Müslümanlar Yeniden Düşünmeğe Nereden Başlamalı?
Ahmet Ayhan Çitil‘in bu başlık altında çıkan yazısının (Teklif 2 aylık düşünce dergisi, sayı 11/ Eylül 2023, Ketebe Kitap ve Dergi Yayıncılığı AŞ adına MUSTAFA ALBAYRAK) birkaç yerinden yapacağım alıntılamalar bu yazıyı oluşturacak.
“Öyle bir çağda yaşıyoruz ki, her alanda yaşanan değişimlerin hızı, belki de tarihin hiçbir döneminde görülmediği kadar yüksek. Söz konusu değişimler, beraberinde büyük riskleri ve sınır aşan sorunları getiriyor. (…) Bilimler, bir zamanlar metafiziksel kabul edilen konulara giriyor ve insanlığa yeni bir konumlandırma önerisi getirmeğe çalışıyor. Değişim, medya üzerinden, özellikle sanat aracılığıyla topluma yayılıyor. Öte yandan, sanki yaşanabilecek her şeyin yaşanmış olduğuna, insanlığın kadim sorunlara çözüm olabilecek tüm düşünce yollarının denendiğine ve bir şeylerin en sonuna gelindiğine dair bir tükenmişlik ve kayıtsızlık havası var.

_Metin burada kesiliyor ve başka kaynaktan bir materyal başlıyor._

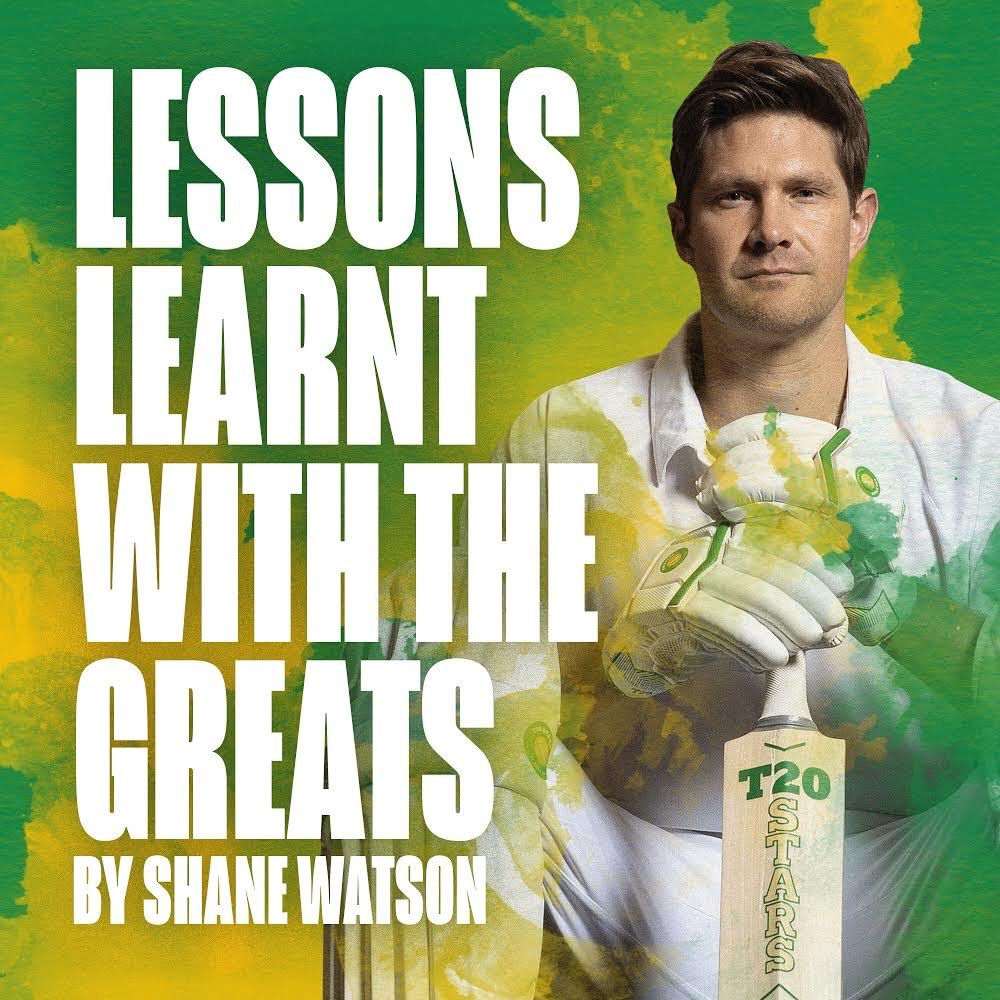 Lessons learnt with the greats 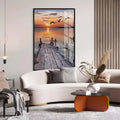 Quadro Decorativo: Inspirador Pôr do Sol no Cais
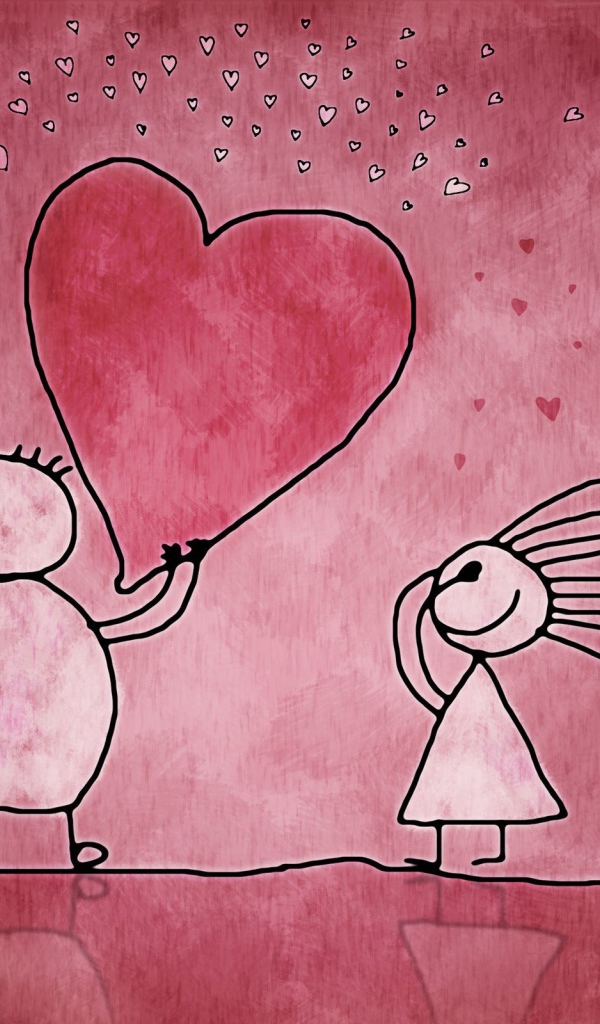 Сердце в подарок на День Святого Валентина 14 февраля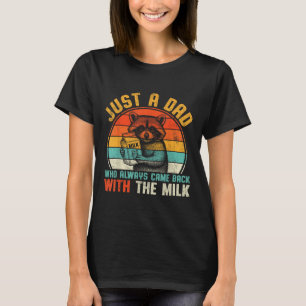 Camiseta Apenas Um Pai Que Sempre Voltou Com A Família Leit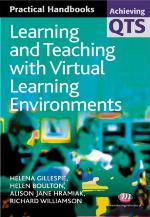 Learning and Teaching with Virtual Learning Environments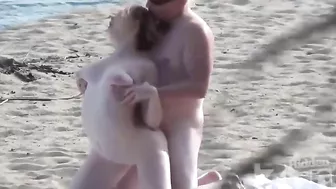 Homemade Sex on Nudist Beach Caught by Hidden Cam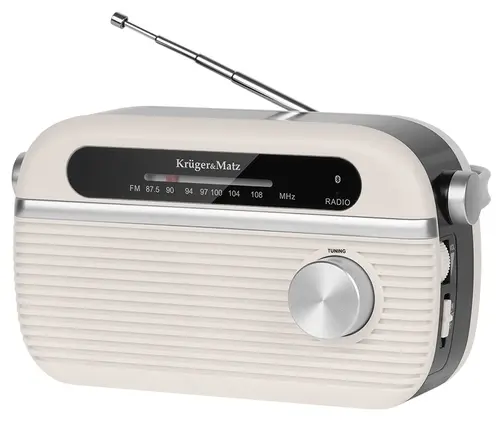 Radio Portabil Kruger&Matz KM0826 (Alb)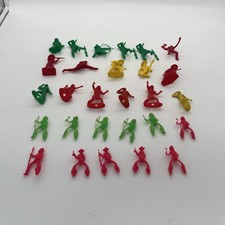 Vintage Tim Mee Toys, MPC , Unbranded, Cowboy  Indian Plastic Figures Lot 28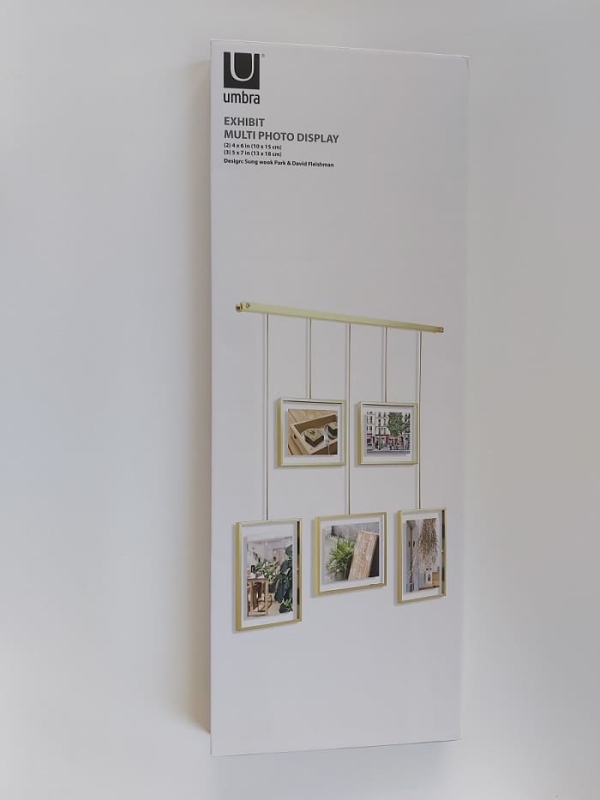 Umbra Exhibit χρυσή μεταλλική πολυκορνίζα 70Χ70εκ.1013426-221 - Image 6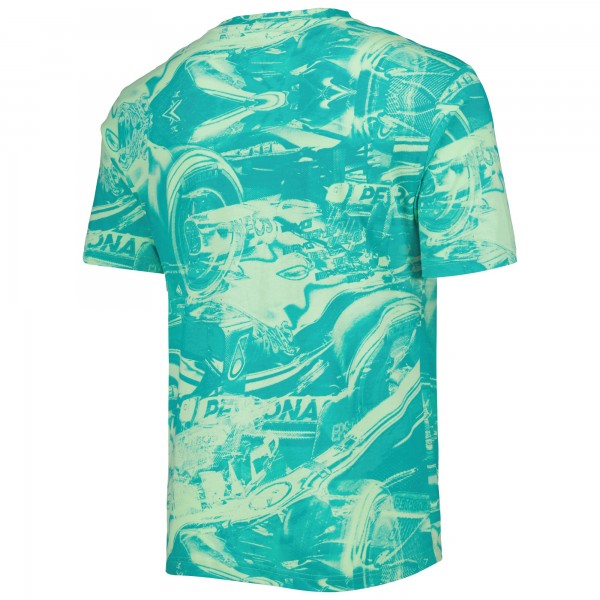 Футболка Mercedes-AMG Petronas F1 Team Puma Statement Allover Print - Green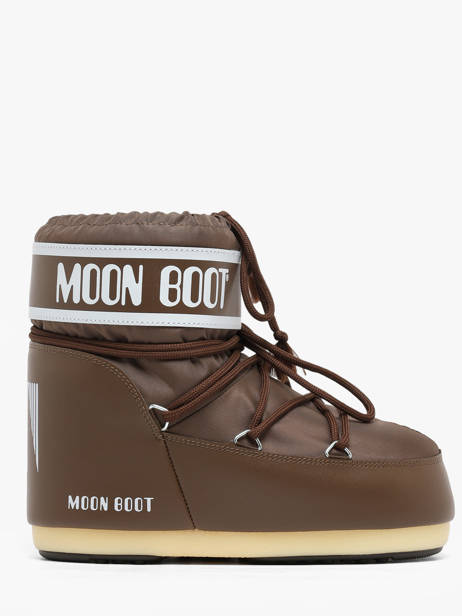Bottes Icon Low Nylon Moon boot Marron women D1409340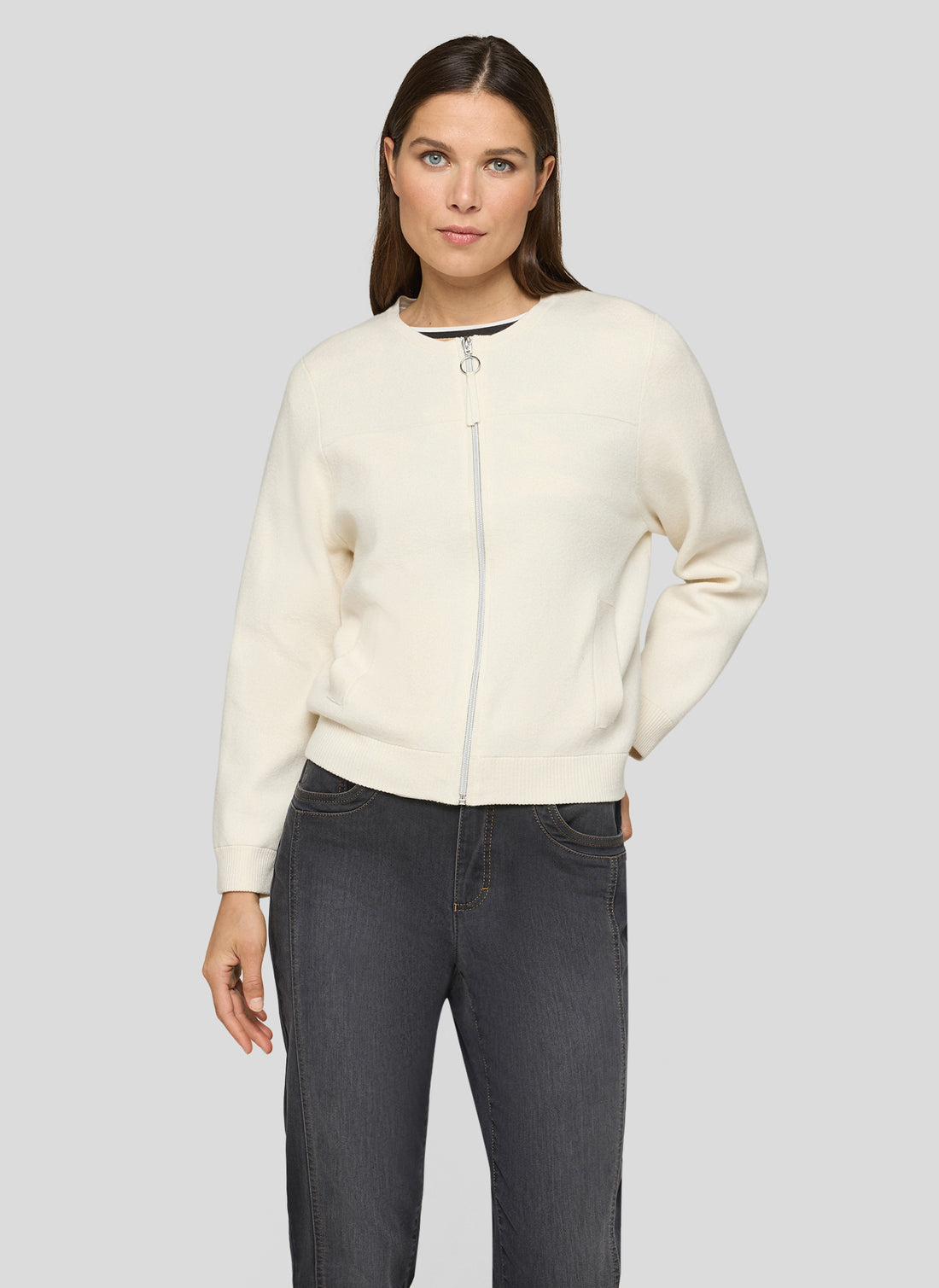 Rabe - Cream Zip Jacket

İnananlar özelinde de çok iç açıcı bir tablo yok. Yapılan araştırmalarda bir yandan dindarlığın arttığına dair sonuçlar elde edilirken, bir diğer yandan da Allah’a inancın veya dinî mensûbiyetin zayıfladığına dair iddialar öne çıkarılıyor. İnsanlar, bilhassa gençler, çok farklı gerekçelerle dinden veya dinî düşünceden kopuyorlar. (…) Şer problemi nedeniyle Tanrı’nın olmadığını, olsa da zalim olduğunu düşünenlerin var olduğu gibi; dinî söylemin ikiyüzlülükle nihayetlendiğini öne sürenler de var. Pek çokları kendi hayatına, bir peygamber de dahil, başkalarının karışmasını arzu etmediğini söylerken diğer bazıları Tanrı’ya veya dine inancını koruyarak bugünkü hayata nasıl katılacağını tasarlayamadığından dert yanıyor.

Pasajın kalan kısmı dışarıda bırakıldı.